Yes, I wish I could turn back time, to say otherwise would be dishonest on my part. My life to date, while incredibly substantive and rewarding, has also been filled with heartache. I wish I could have come out and attended a university that not only tolerated LGBT students, but celebrated them. Alas, I did not. I wish I could say that my coming out to my family was a good experience and that it brought us closer together, but it didn’t. I wish I could say that my childhood friends were supportive when I came out, but 9 out of 10 weren’t. I wish I could say that my father wasn’t ashamed of me when he died of lymphoma
in 2009, but I can’t know that for sure. I wish I could say I don’t suffer from depression and anxiety from years of being repressed, but I do. I wish I could say that my being openly gay, married, and successful has somehow moved the hearts and minds of ACU leadership, but it hasn’t. I wish I could say my heart hasn’t been hardened over the years by rejection, but it has.

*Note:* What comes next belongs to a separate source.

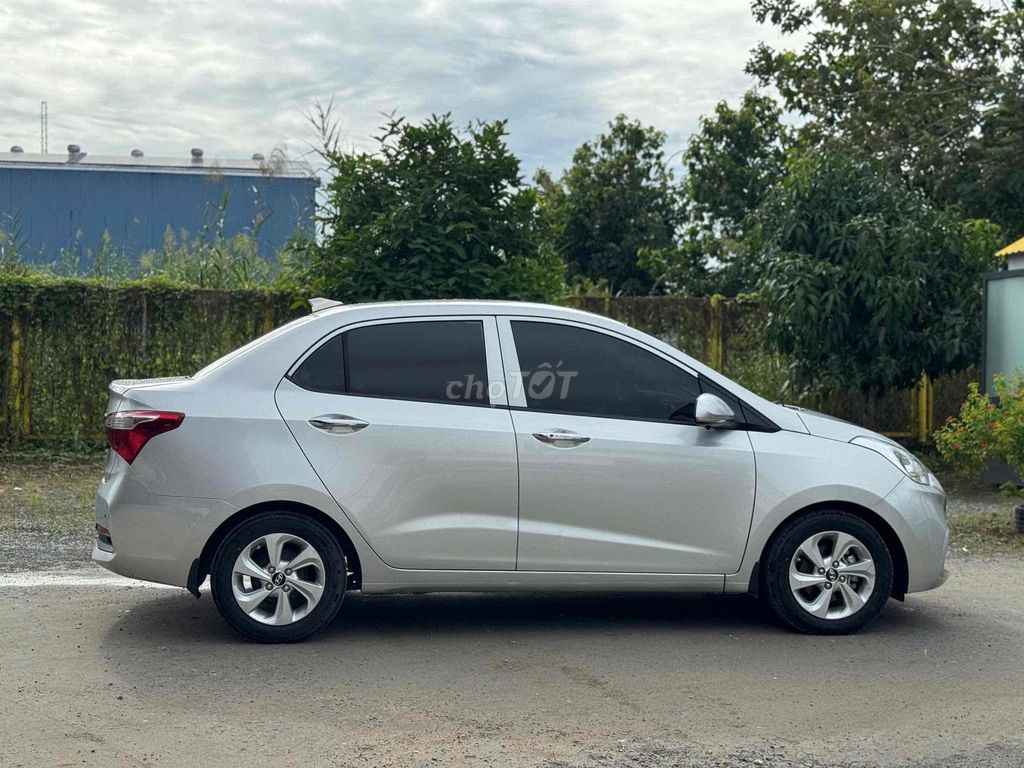 Hyundai Grand i10 2020 Sedan 1.2 AT - 54000 km. Mua bán Ô tô tại Quận Cái Răng Cần Thơ được đăng bởi Hưng xe lướt Cần Thơ hình 2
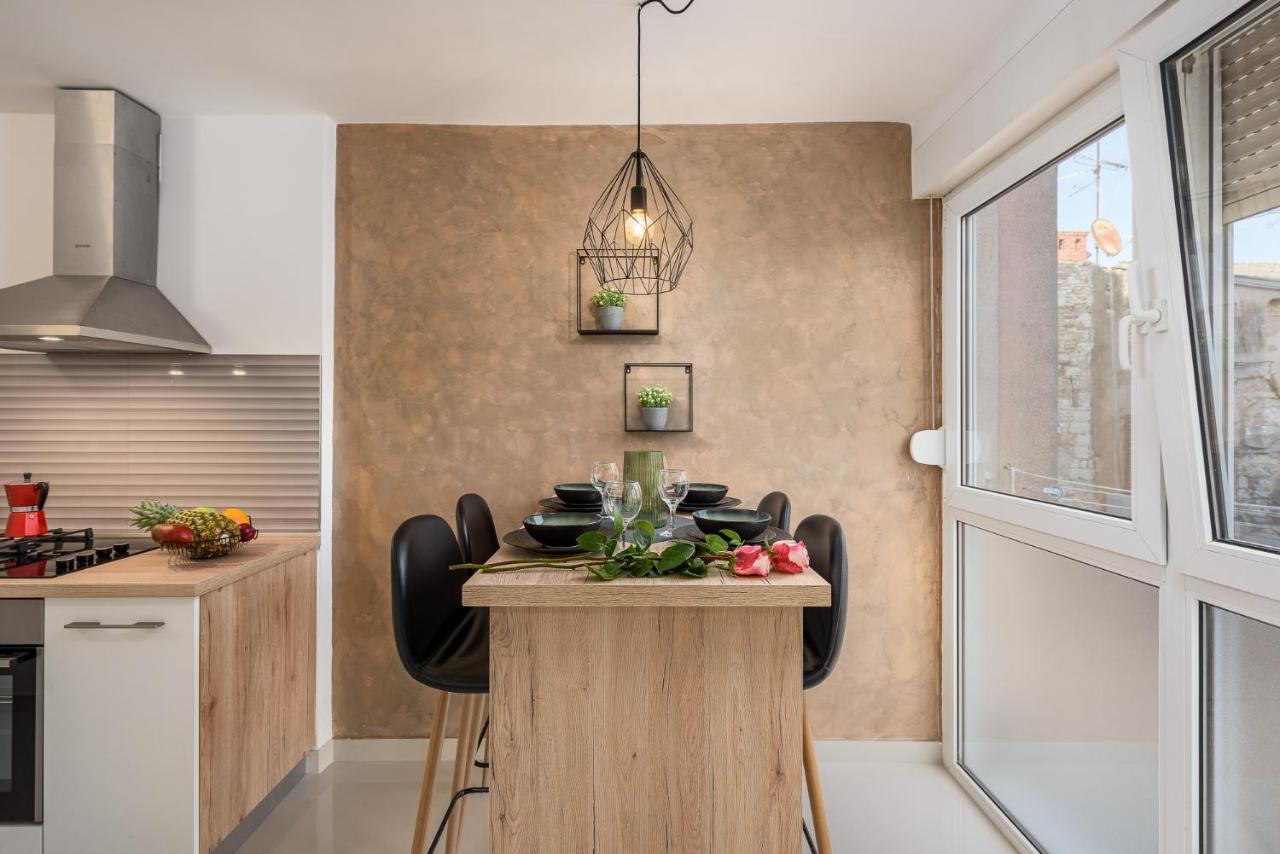 Apartment S&M Heart Of Pula Ngoại thất bức ảnh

To end this letter, let me say that I’m not angry, I’m just sad. I can also say with sincerity that I love a lot of people at ACU and that I genuinely believe that policies towards LGBT students stem from a lack of education, knowledge, and experience in the real world. We’ve all heard of the “ACU Bubble”, and that’s because it exists. For this graduate, I can’t attempt to live in it or to gain acceptance in it any longer.
After all, bubbles aren’t designed for growth.
I need to move on, as do all ACU LGBT Alumni. Today, I’m no longer part of ACU in any form or fashion, but I believe in the saying that if you love someone or something enough, you have to know when to let it go.
– Jason Mida, ACU Class of 2002
Mike Bendel says
Epitome of a love/hate relationship. I feel your pain fellow alumni. I wasn’t nearly as involved as you because I knew intrinsically I wasn’t accepted. The fact that you were involved represents progress, Jason. You can’t shake off the part of you formed on “The Hill.” ACU is part of our souls, especially those relationships outside of all that was mainstream ACU. For me it was the art barracks, across the street and an imaginary boundary drawn in our minds. I wish you coulda been there that Halloween we dressed up as Sing Song hosts, nominated Gloria Swartz for homecoming queen, hosted nude figure drawing classes “off campus” and other unifying acts of resistance. We were there for you even then. Now we gotta be there for someone else. The hours and hours upon hours spent in the pottery building and our slum like alley apartments built relationships that have lasted 40 plus years. I want to be counted present if only to say my queer self is here and always has been. I want to be counted as proof we’ve always been here and for those yet afraid to be honest with themselves. A diploma is just a piece of paper, Jason. You’ve got ‘ACU’ tattooed on you and it ain’t washing off so stick around. You are needed still.
Barrett Koczkur says
Jason, I know that took courage to write. I for one am proud of you. Yours is a voice that needs to be heard.